GeodesicPath is an application that finds the shortest path between two vertices on a surface. There are two types of shortest paths that can be computed.

System Requirements

**Java**

- Version: 1.0.0
- Size: 1.19 Mb
- OS: any
- Processor: any
- Memory: Data-dependent
- Software: Java 1.5 (or higher) runtime environment

Installation

Compliation

Portable java executable make compilation unnecessary.

Installation InstructionsCopy java executable 'jar' file to local disk.

Purpose

GeodesicPath takes a shape and two vertex indices as arguments and produces a contour that encodes the path between the specified vertices. There are several options for the programs output.
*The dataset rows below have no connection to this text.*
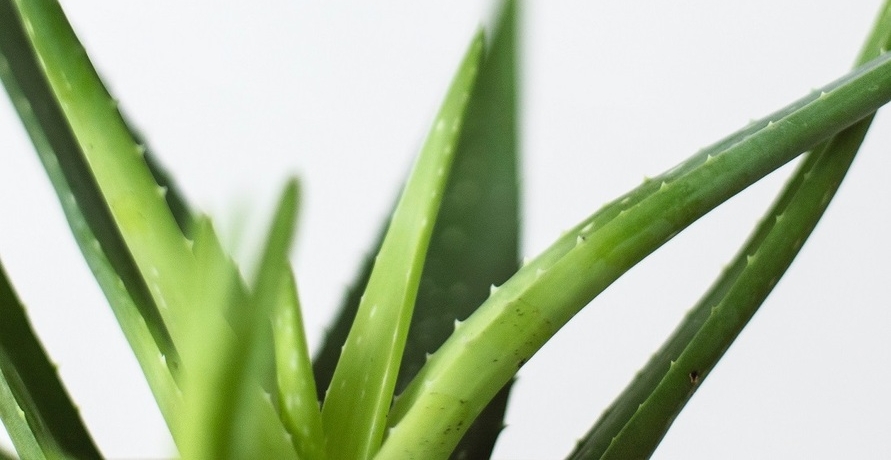 Aloe Vera – eine vielseitige und nährstoffreiche Pflanze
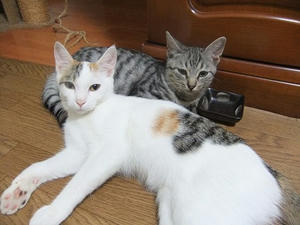 DSCF9628.JPG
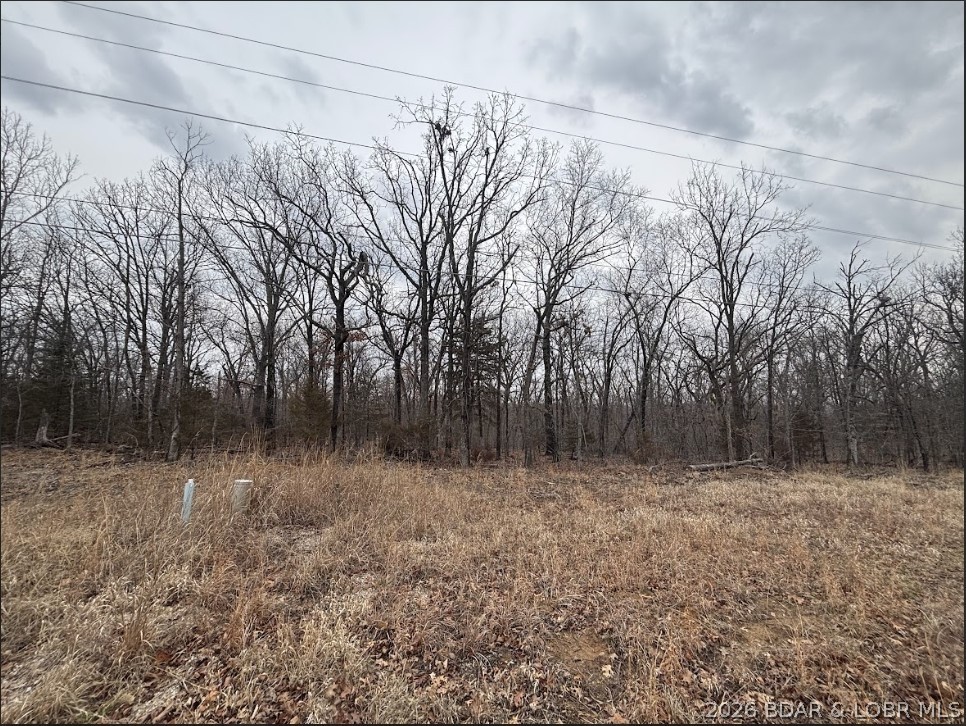 Champions Run - Land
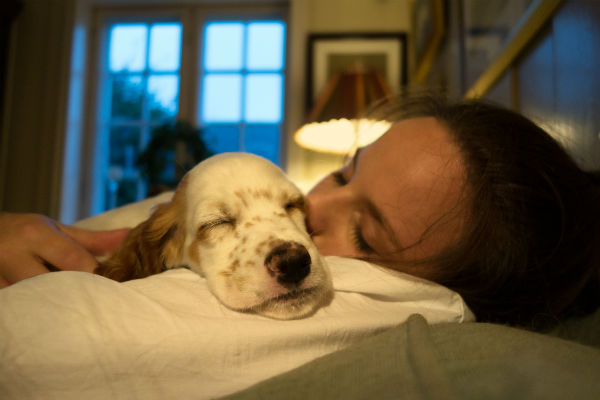 dog sleep with owner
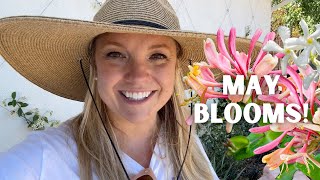 May Blooming Garden!  Planting May Blooms (and Some Veggies Too!)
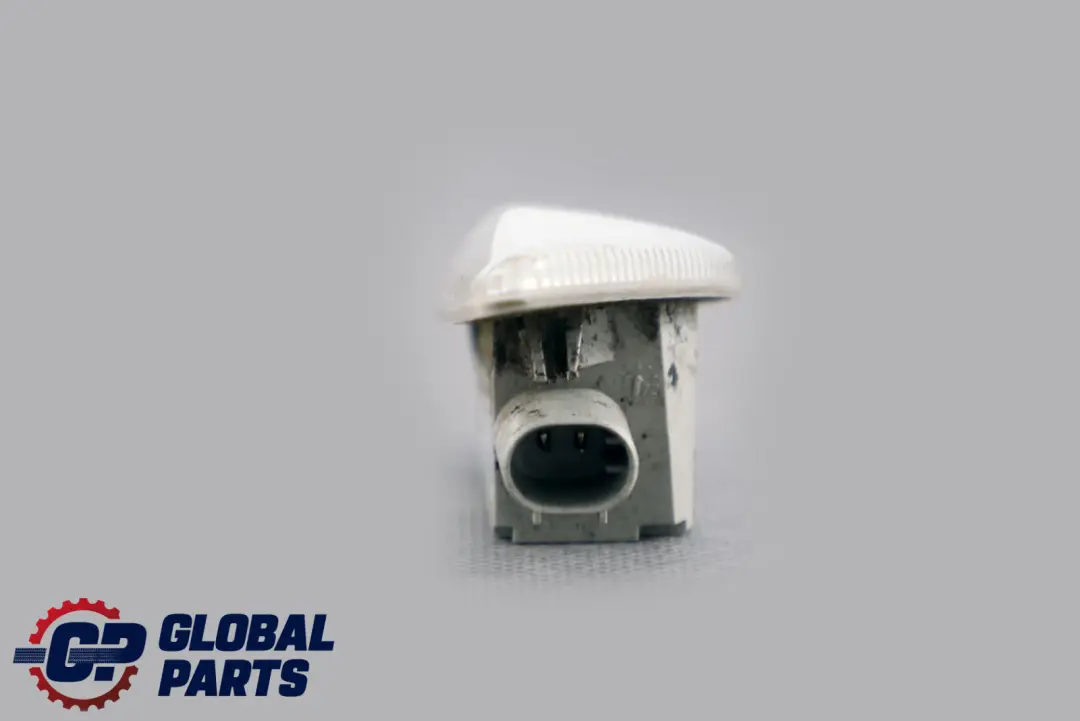 Zusatzblinkleuchte Links BMW X5 X6 er E70 E71 - SKU 7171007 - Teilenummer 7171007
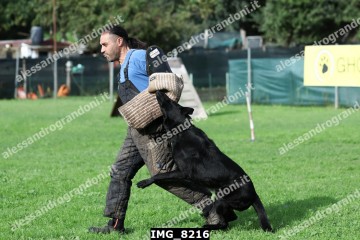 IMG_8216.jpg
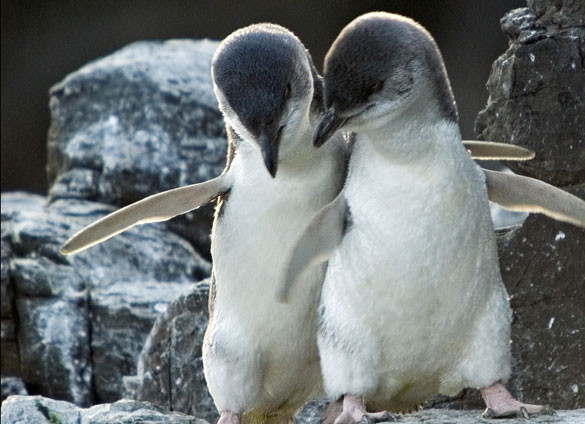 Image result for antarctic centre christchurch blue penguins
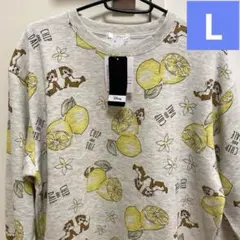 Item thumbnail for item 42be235e-39b2-4fac-839f-5fe2dbcf4f2e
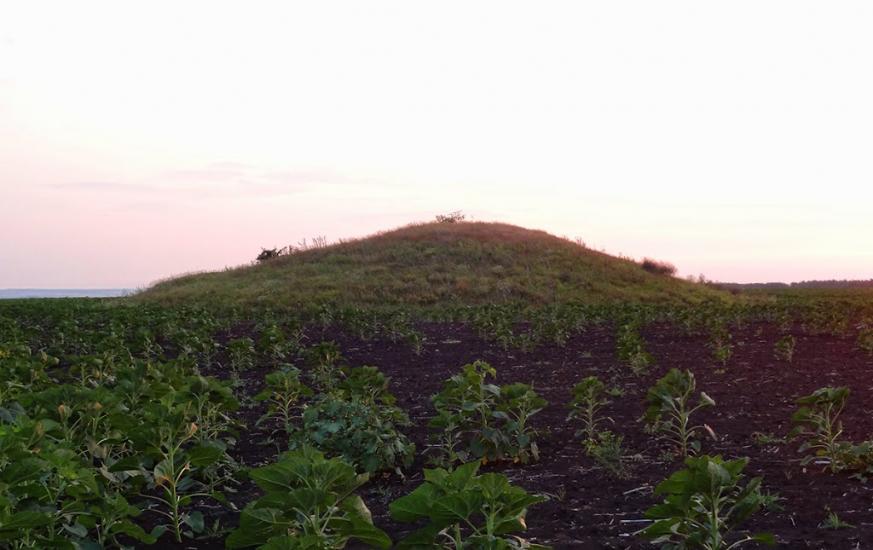 Новозванівка з panoramio.com - Novozvanivka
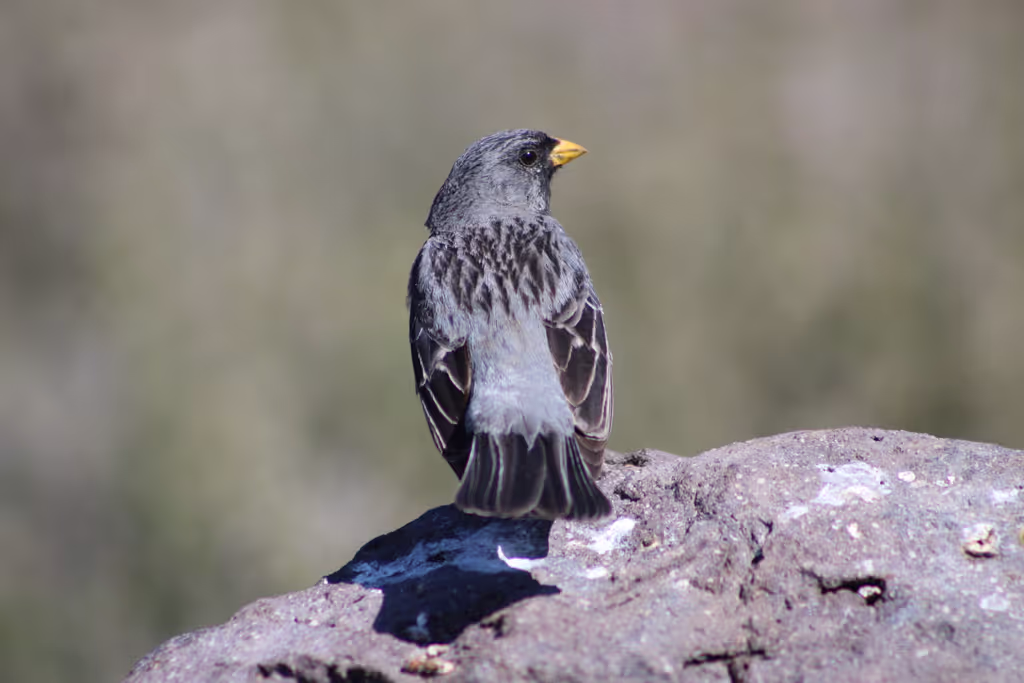 Santiago Private Tour - Birdwatching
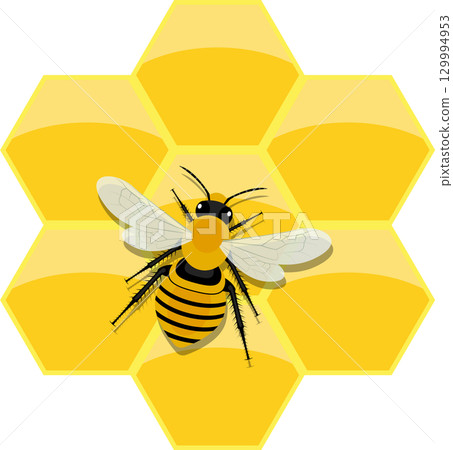 A cartoon bee with yellow and black stripes stands over a honeycomb. The cell is hexagon shaped. 129994953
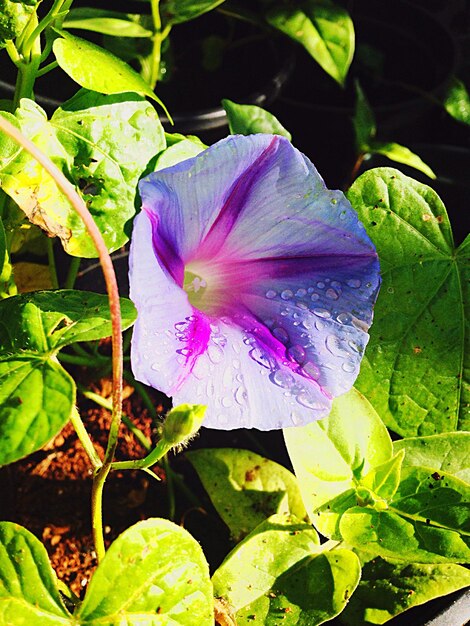 Close-up of purple flower blooming outdoors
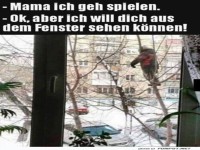 Baumkletterprofi in Sichtweite!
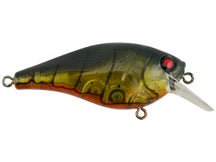 Berkley Squarebull 5.5 Crankbait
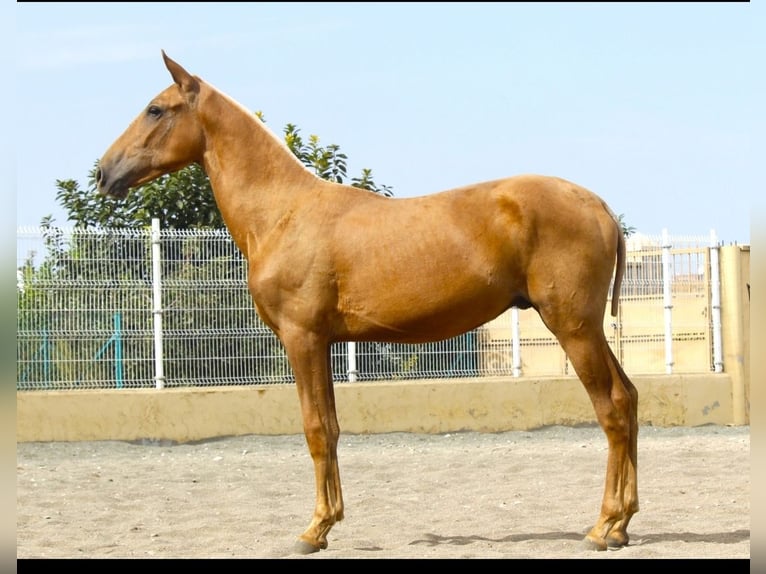 PRE Mestizo Semental 1 año 172 cm Palomino in Murcia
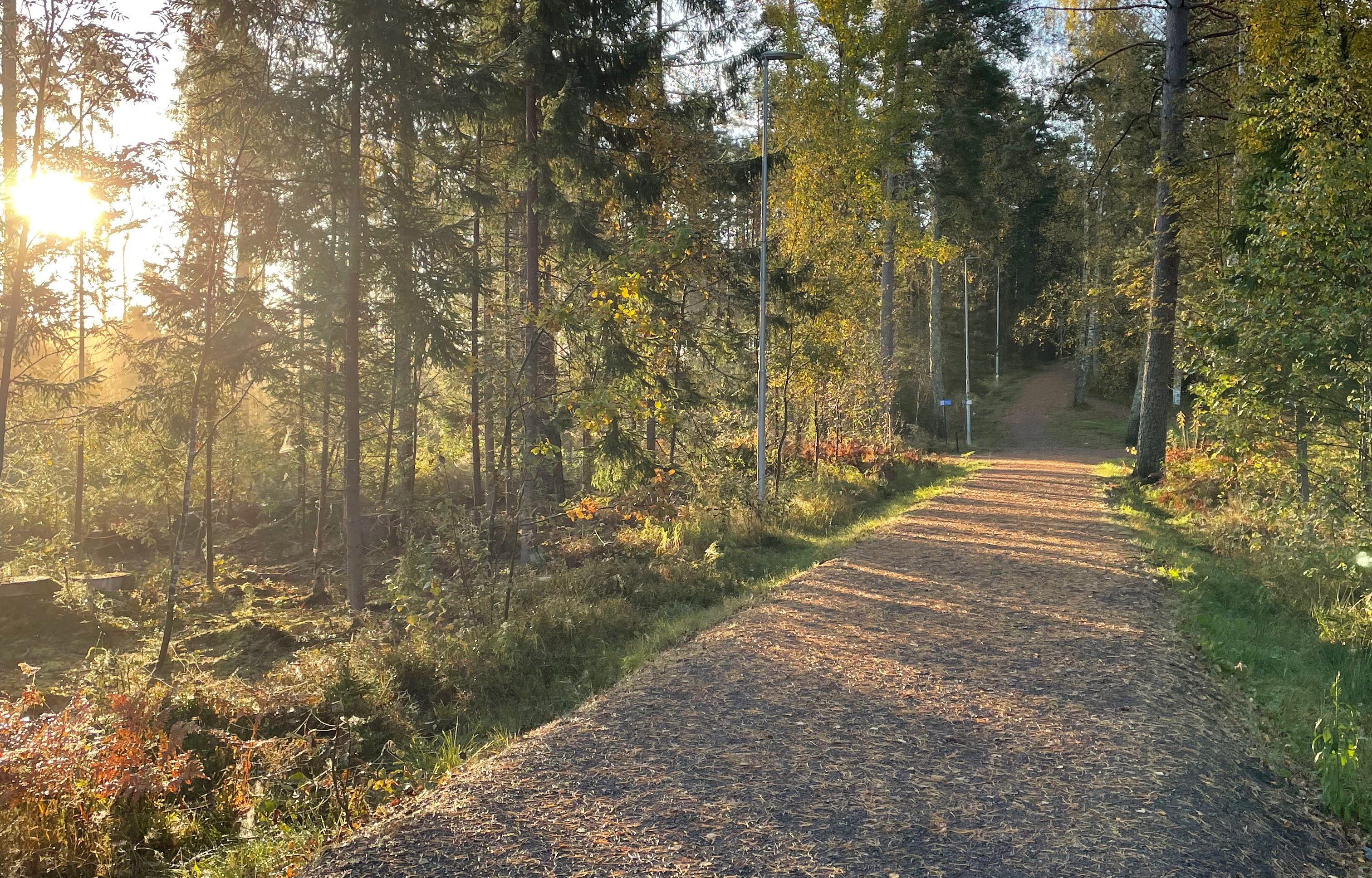 Stig i skog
There are two types of shortest paths the application can find. The simpler one is the Dijkstra path, which is constrainted to lie on either the vertices or the edges of the shape. Dijkstra's algorithm is a greedy algorithm that solves the single-source shortest path problem for a directed graph with nonnegative edge weightsThis path is dependent on the shape's parameterization. If the shape is sparsely sampled, then the Dijkstra path may not be the shortest possible path. The alternative path is the true geodesic path to the surface. This path is constrained to lie on the faces of the surface. This path is independent of the shape's parameterization. The geodesic path is computed in an iterative fashion, where the Dijkstra path is the initial path, and segments are added and changed to minimize the length of the path. This means that the geodesic will be a local minimum geodesic.

In general, the Dijkstra method is very fast and usually a very good approximation to the true geodesic. The geodesic method will give a local shortest path, but it's convergence rate depends heavily on the shape's geometry and the starting Dijkstra path.